Raccapricciante però non è il modo con cui viene raccontato quanto di raccapricciante vediamo. Qui sta il paradossale controsenso pazzesco alla base di quello che a tutti gli effetti è e rimane tra i più grandi capolavori cinematografici della nostra epoca. Abbiamo detto che questo è un film spietato, gelido, glaciale. Racconta una Storia di una violenza assurda e un’efferata brutalità grottesca, ma la racconta con distacco e imparzialità. La racconta senza prendere una posizione a riguardo, senza trasmettere alcun giudizio. E qui sta la sua forza.

È un racconto puro e innocente, così come in teoria è una Famiglia nel nostro immaginario. Sono le azioni di questa precisa famiglia, la quale forse alla fin fine come tante altre non è, che ci sconvolgono, che scatenano in noi le reazioni emotive più disparate. Ma il modo con cui vengono narrate queste azioni non vuole influenzarci in alcuna maniera. È come fosse il racconto di un bambino che semplicemente osserva i suoi genitori, e manco gli vien da pensare di mettere in dubbio che questi possano mentirgli o non essere perfetti. 

Vi sono così tante cose che diamo per scontate nella nostra vita. Ed è questo dare per scontato che permette a chi sta in alto di comandare ed esercitare il suo potere. E non solo all’interno di una famiglia, ma pure in una società o Nazione. Non t’assegnano un nome, ti raccontano fandonie, ti insegnano le cose a modo loro. Questo è quello che fanno i regimi dittatoriali. Che in generale fa l’uomo, nel quale la natura prevaricatrice è innata. Chi ce lo dice che il mondo nel quale siamo abituati a vivere sia effettivamente vero? Chi ce lo dice che non sia tutto un sogno? Chi ci dice che non siamo dentro un grande Truman Show? Chi ce lo dice? 

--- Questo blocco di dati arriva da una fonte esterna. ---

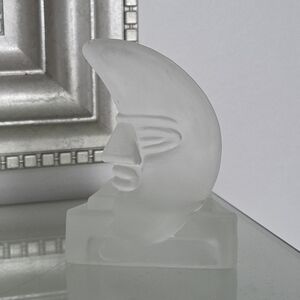 Frosted Glass Celestial Moon Candle Holder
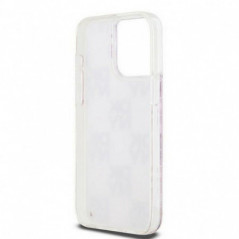 Kryt DKNY Liquid Glitters Checkered Pattern na Apple iPhone 15 Pro Max Růžový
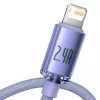 Kabel Baseus Crystal Shine USB do Lightning, 2,4A, 2m (fioletowy)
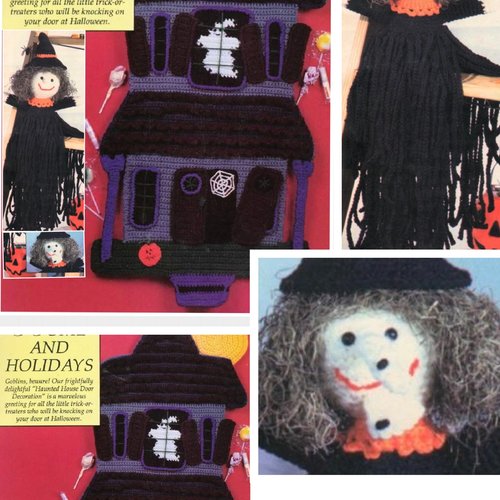 Offre spéciale.vintage, fête halloween , 2 modèles poupée et maison décoré au crochet. patterns avec tutoriels en anglais,format pdf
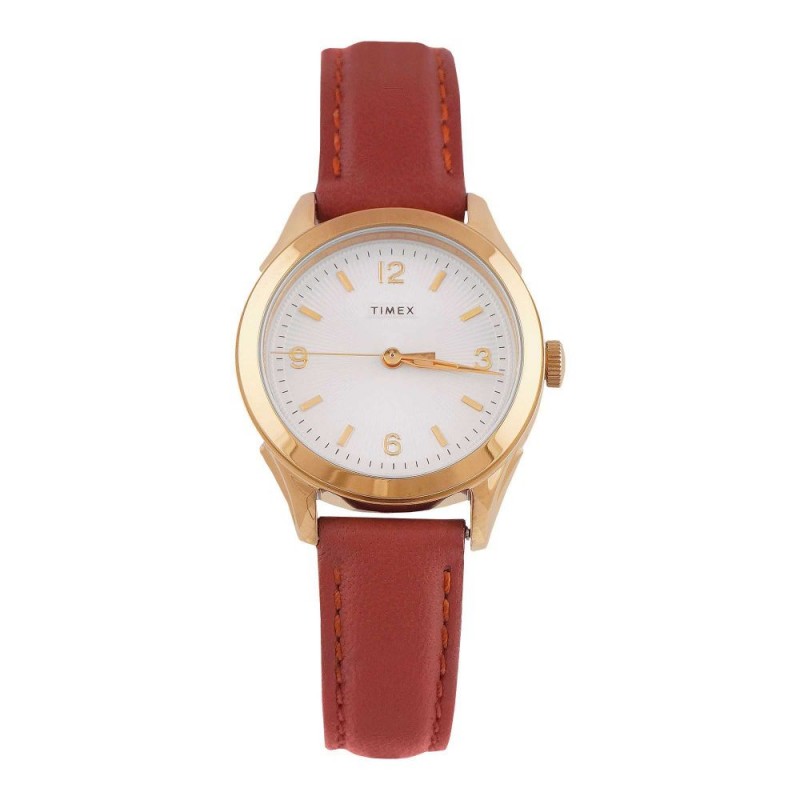 Timex Women's Golden Round Dial With Plain Red Strap Analog Watch, TW2R91100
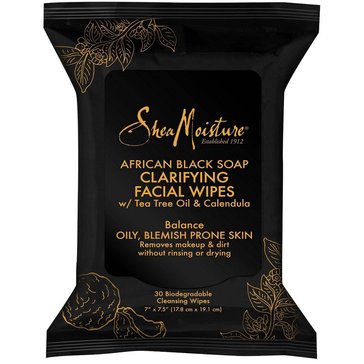 Shea Moisture African Black Soap Facial Wipes, 30ct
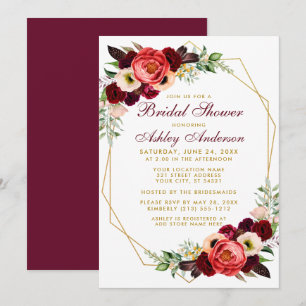 Convite Chá de panela Floral Burgundy Boho Invite GB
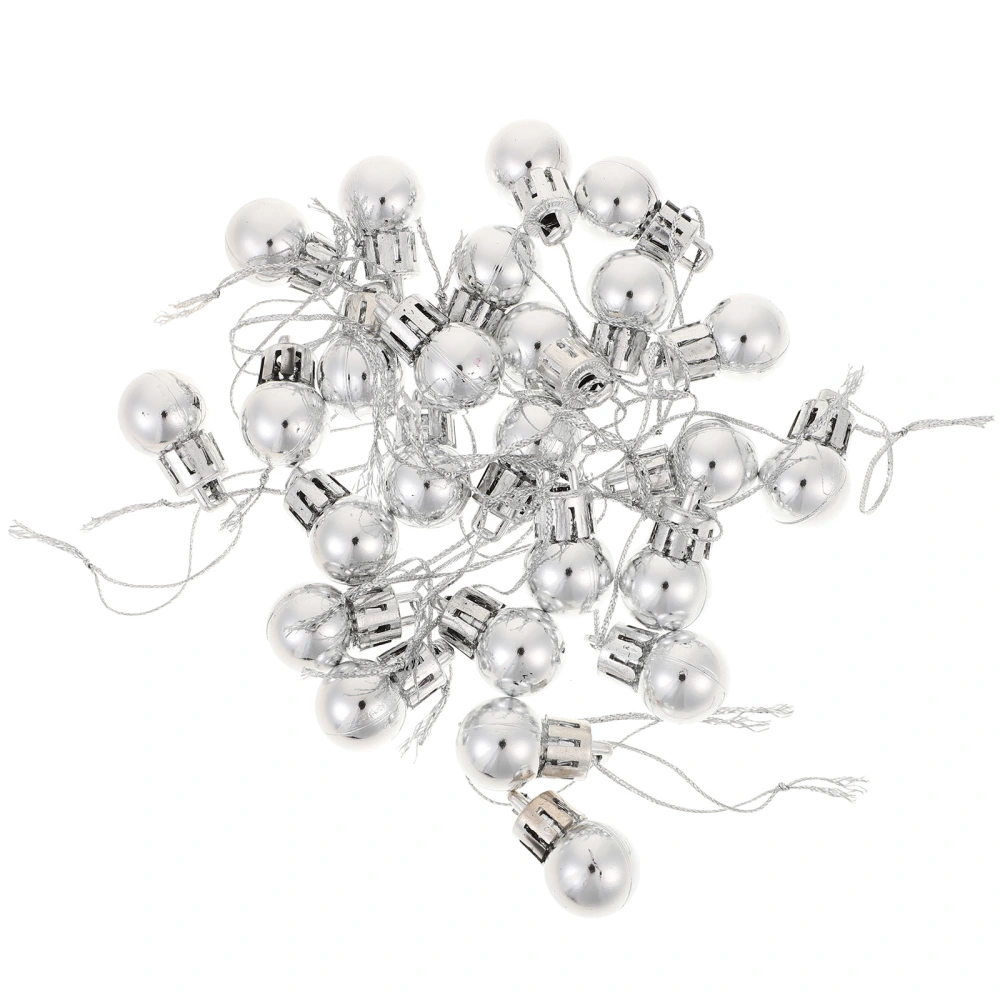 24pcs 2CM Christmas Pendant Miniature Ball Hanging Decor Xmas Tree Ornaments Layout Decorative Props for Home Store (Silver)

Ma cosa si può fare se l’essere umano manipola la Verità a suo piacimento per essere quello che decide sugli altri? Vi è sempre un problema, a questo proposito. E si chiama “STATUS QUO”. Non esiste cosa più sfiancante, logorante e difficile che mantenere lo Status Quo. Il nostro mondo e la nostra vita si basa e si fonda sul Cambiamento, siamo una realtà in movimento, che si muove costantemente. Tu puoi controllare le cose quanto vuoi, ma il Cambiamento trova sempre un modo. E spesso arriva quando meno te lo aspetti. Ed è quello che accadrà a questa Famiglia. Nemmeno il Padre che tutto controlla poteva prevederlo. E quando l’inaspettato giunge allora, non dico tutti, ma almeno qualcuno che vuole vedere la Luce, come ci racconta il caro Platone nel mito della Caverna, c’è. E quel qualcuno vorrà uscire, a costo di togliersi a forza il canino di bocca.

È buffo come Lanthimos faccia giungere questo cambiamento dal Cinema. Sì, sono dei film in videocassetta, dei grandi classici, che cambiano lo Status Quo. È nella Settima Arte che il Sommo Maestro trova, se non le risposte a tutte queste domande che ci affliggono, il modo di essere liberi. Al Potere dell’Oppressore contrappone la Libertà del Cinema. Io non ho idea di come sia stata l’infanzia di Yorgos, né so che famiglia abbia avuto. Ma so quanto ami fare film, come il fare film lo renda libero. Vedere un film ci rende liberi, in quel momento non sei da nessun’altra parte, non sei soggiogato al Potere ma opprimi l’oppressore. È il Cinema, l’Arte, le Storie, la Letteratura, il Teatro quello che alla fine ci salva la vita. Che sicuramente ha salvato la mia.